AIM OF THE EXERCISE:
In the entries below, find the line with "Godspeed Statue Of" and the line with "Canpol Babies EasyStart". Return those two lines and all lines between them, exactly.

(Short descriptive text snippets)
#####
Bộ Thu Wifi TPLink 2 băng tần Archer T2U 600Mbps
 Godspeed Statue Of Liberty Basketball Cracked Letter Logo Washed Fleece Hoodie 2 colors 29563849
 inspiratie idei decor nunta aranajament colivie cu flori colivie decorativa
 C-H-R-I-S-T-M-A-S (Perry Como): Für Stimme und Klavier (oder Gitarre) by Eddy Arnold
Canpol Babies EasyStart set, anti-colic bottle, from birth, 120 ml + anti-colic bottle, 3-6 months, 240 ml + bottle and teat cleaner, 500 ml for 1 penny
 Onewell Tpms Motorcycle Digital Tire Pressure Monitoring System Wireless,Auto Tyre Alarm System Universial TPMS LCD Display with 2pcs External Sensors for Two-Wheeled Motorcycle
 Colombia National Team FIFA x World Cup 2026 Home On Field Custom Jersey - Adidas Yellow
#####
EXPECTED OUTPUT:
 Godspeed Statue Of Liberty Basketball Cracked Letter Logo Washed Fleece Hoodie 2 colors 29563849
 inspiratie idei decor nunta aranajament colivie cu flori colivie decorativa
 C-H-R-I-S-T-M-A-S (Perry Como): Für Stimme und Klavier (oder Gitarre) by Eddy Arnold
Canpol Babies EasyStart set, anti-colic bottle, from birth, 120 ml + anti-colic bottle, 3-6 months, 240 ml + bottle and teat cleaner, 500 ml for 1 penny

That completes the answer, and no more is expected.